> _Try it_: Copy only what lies from the line containing "Lustre Pendente Cilíndrico" through the line containing "Los Angeles Night" in the entries below, keeping both end lines exact and dropping every picture.

> _Records for the exercise_:

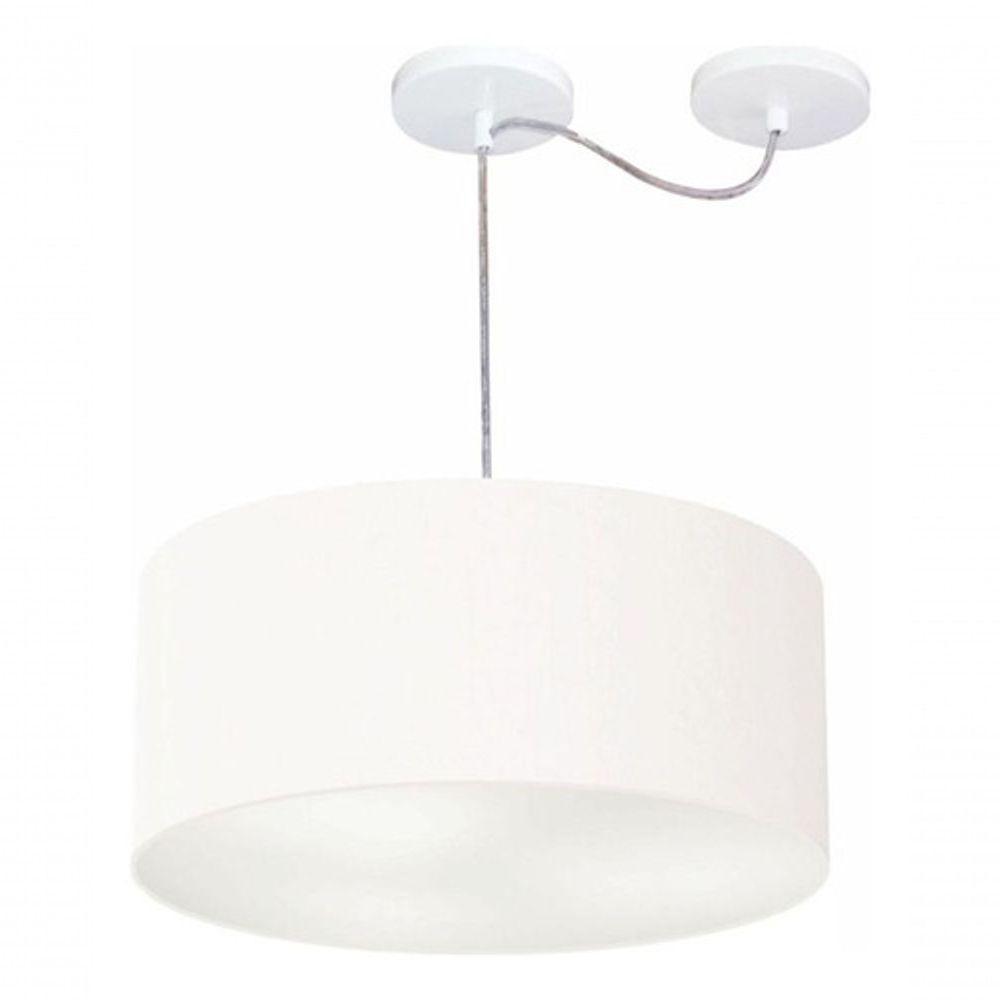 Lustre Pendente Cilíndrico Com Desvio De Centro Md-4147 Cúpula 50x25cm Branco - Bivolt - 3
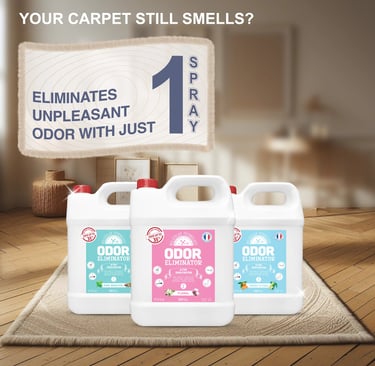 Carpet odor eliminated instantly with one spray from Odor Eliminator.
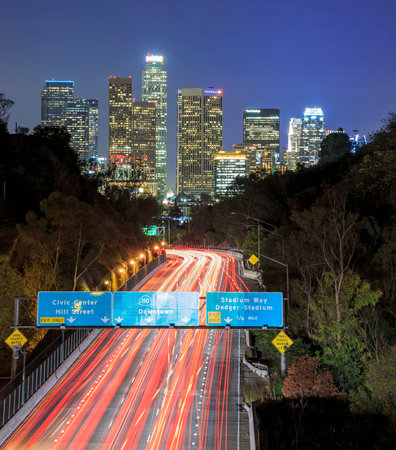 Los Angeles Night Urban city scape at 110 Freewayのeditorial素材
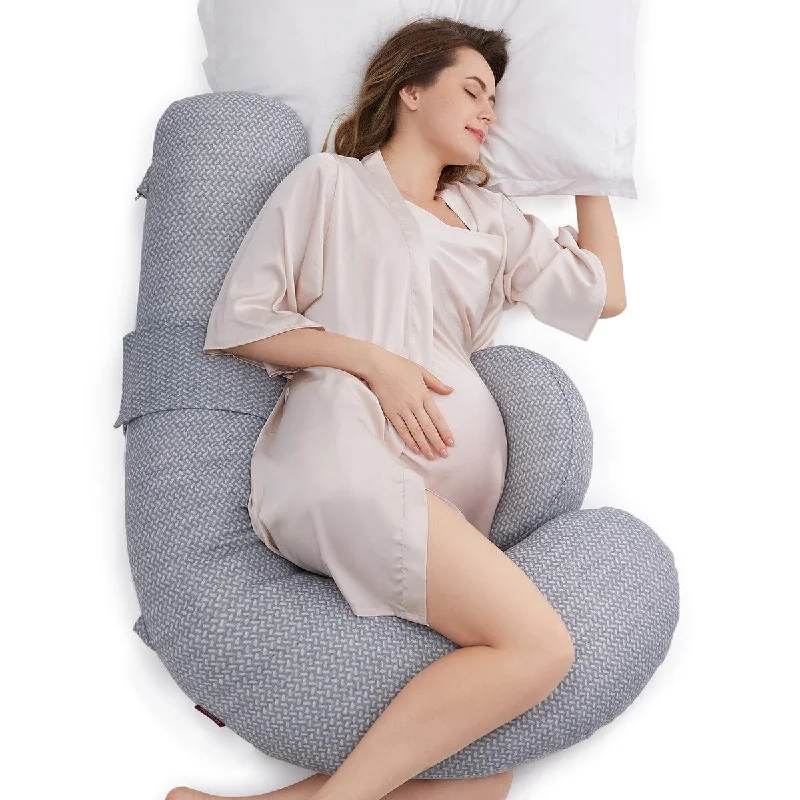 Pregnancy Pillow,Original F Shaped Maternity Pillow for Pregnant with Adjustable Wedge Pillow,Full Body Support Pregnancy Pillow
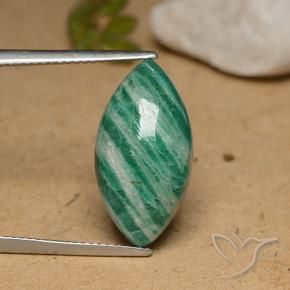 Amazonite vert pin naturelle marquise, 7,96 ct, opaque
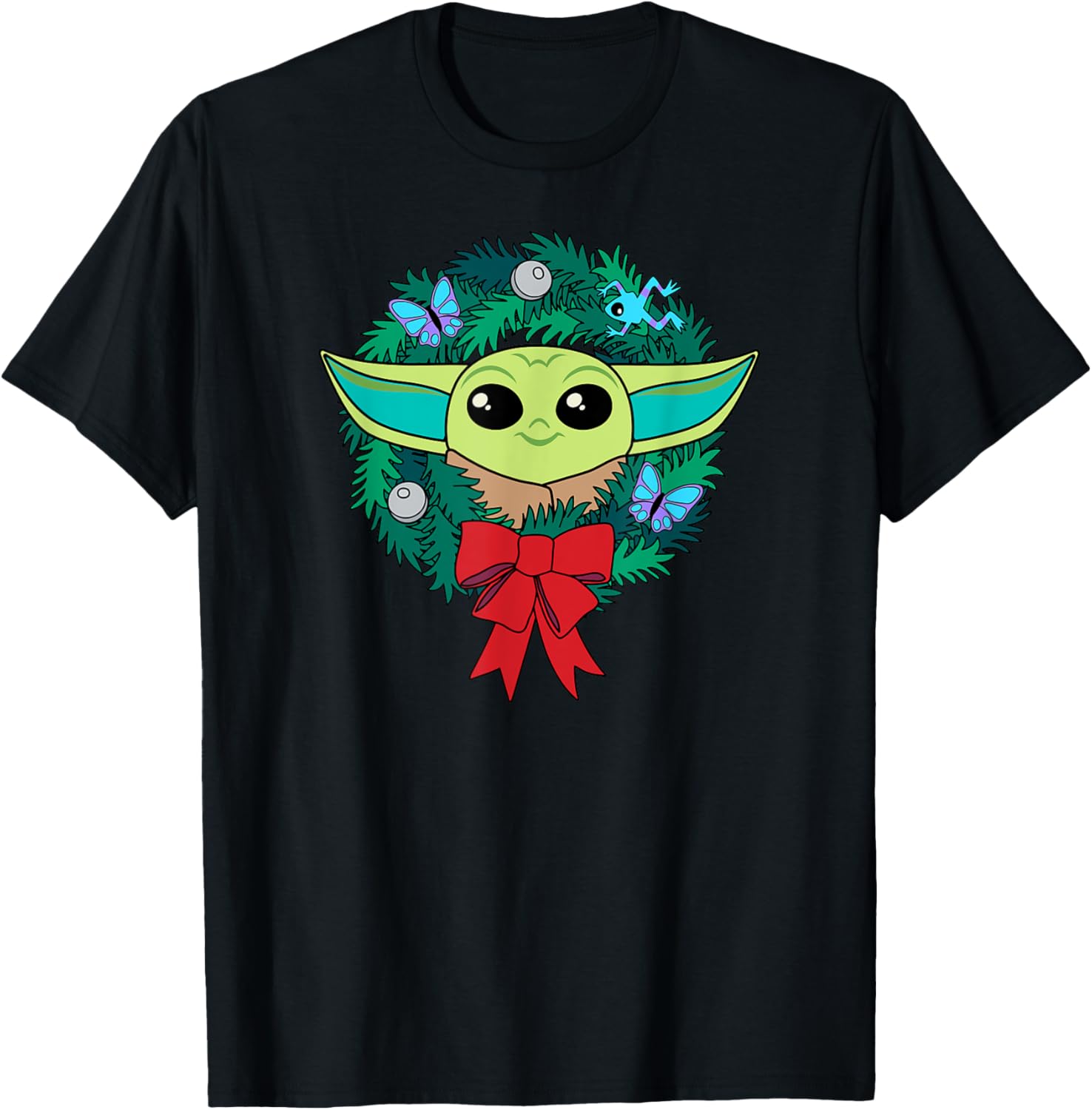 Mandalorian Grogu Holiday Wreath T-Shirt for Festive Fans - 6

---

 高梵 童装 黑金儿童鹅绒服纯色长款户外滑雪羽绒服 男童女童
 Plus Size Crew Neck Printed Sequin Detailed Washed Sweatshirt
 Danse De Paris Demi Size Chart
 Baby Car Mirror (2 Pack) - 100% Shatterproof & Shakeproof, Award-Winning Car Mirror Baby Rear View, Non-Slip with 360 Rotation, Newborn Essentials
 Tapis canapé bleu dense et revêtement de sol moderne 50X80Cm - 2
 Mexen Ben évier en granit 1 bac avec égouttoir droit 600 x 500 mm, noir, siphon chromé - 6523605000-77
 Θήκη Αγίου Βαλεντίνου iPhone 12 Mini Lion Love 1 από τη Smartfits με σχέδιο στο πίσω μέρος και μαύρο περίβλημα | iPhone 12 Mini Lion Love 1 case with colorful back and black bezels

* * *

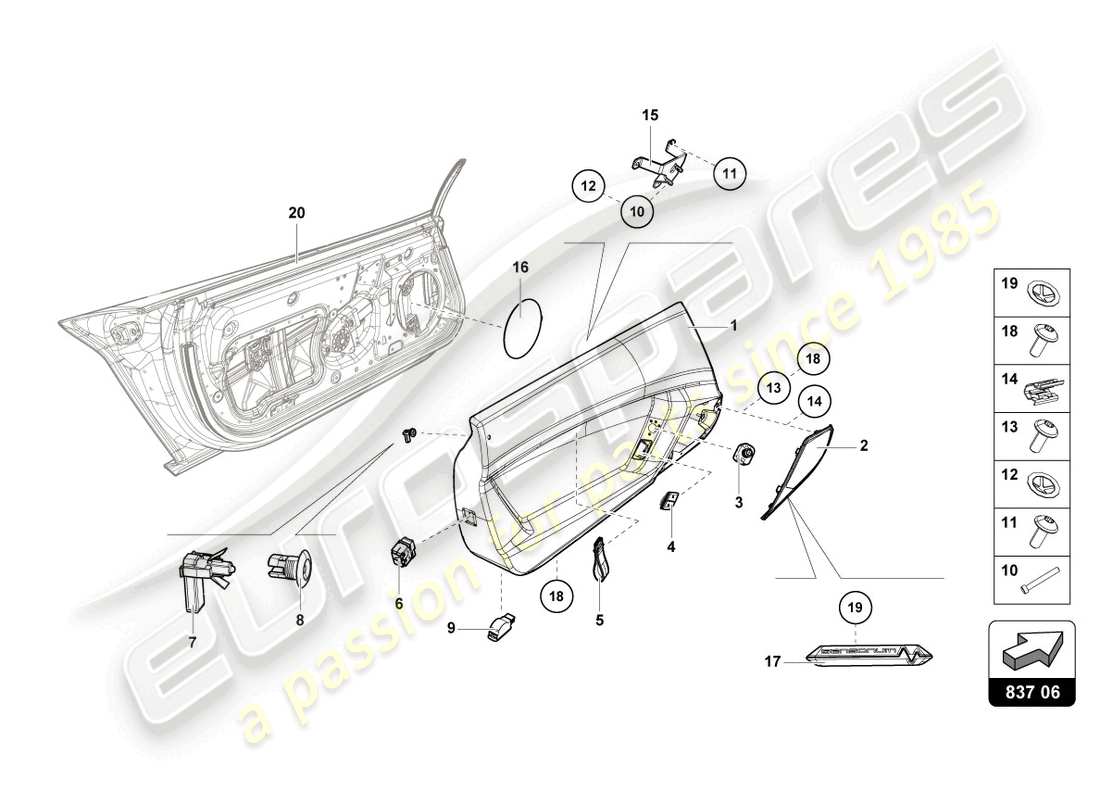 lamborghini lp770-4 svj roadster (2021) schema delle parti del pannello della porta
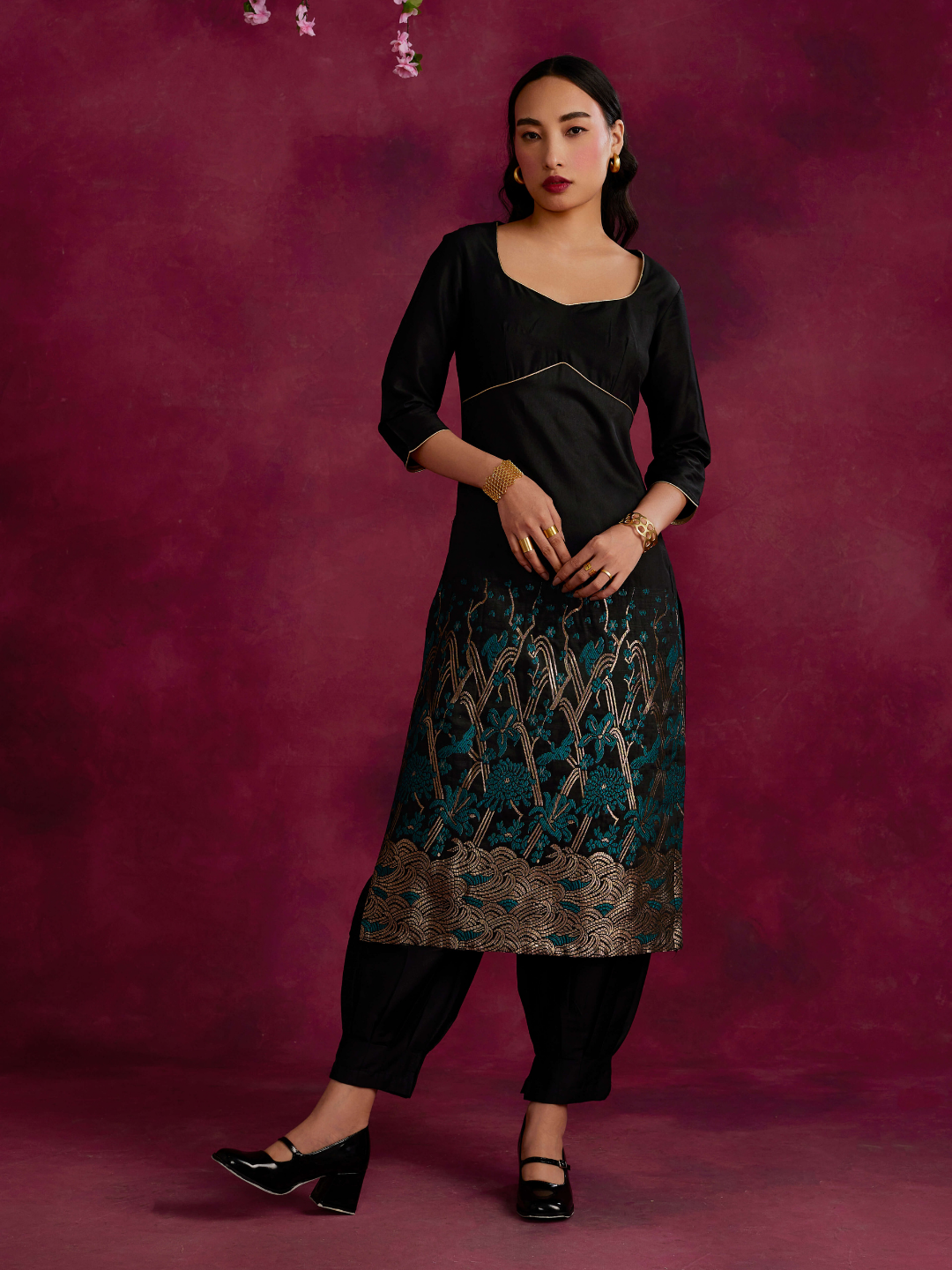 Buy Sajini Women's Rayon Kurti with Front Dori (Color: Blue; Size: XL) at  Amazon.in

> _Answer area_:
 Lustre Pendente Cilíndrico Com Desvio De Centro Md-4147 Cúpula 50x25cm Branco - Bivolt - 3
 Carpet odor eliminated instantly with one spray from Odor Eliminator.
 Los Angeles Night Urban city scape at 110 Freewayのeditorial素材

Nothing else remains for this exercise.